Nighttime Pedestrian Detection Based on Fore-Background Contrast Learning
He Yao, Yongjun Zhang, Huachun Jian, Li Zhang, Ruzhong Cheng

TL;DR
This paper introduces a novel foreground-background contrast learning approach for nighttime pedestrian detection, enhancing channel attention mechanisms by incorporating background information to improve detection accuracy under low-light conditions.
Contribution
The paper proposes the Fore-Background Contrast Attention (FBCA), a new method that integrates background information into channel attention for better nighttime pedestrian detection.
Findings
FBCA outperforms existing methods on NightOwls and TJU-DHD datasets.
The approach improves detection performance on multispectral LLVIP dataset.
Incorporating background information enhances semantic and spatial accuracy of channel descriptors.
Abstract
The significance of background information is frequently overlooked in contemporary research concerning channel attention mechanisms.
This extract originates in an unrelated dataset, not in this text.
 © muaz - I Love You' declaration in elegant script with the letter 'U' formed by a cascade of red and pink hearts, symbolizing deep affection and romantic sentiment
This study addresses the issue of suboptimal single-spectral nighttime pedestrian detection performance under low-light conditions by incorporating background information into the channel attention mechanism. Despite numerous studies focusing on the development of efficient channel attention mechanisms, the relevance of background information has been largely disregarded. By adopting a contrast learning approach, we reexamine channel attention with regard to pedestrian objects and background information for nighttime pedestrian detection, resulting in the proposed Fore-Background Contrast Attention (FBCA). FBCA possesses two primary attributes: (1) channel descriptors form remote dependencies with global spatial feature information; (2) the integration of…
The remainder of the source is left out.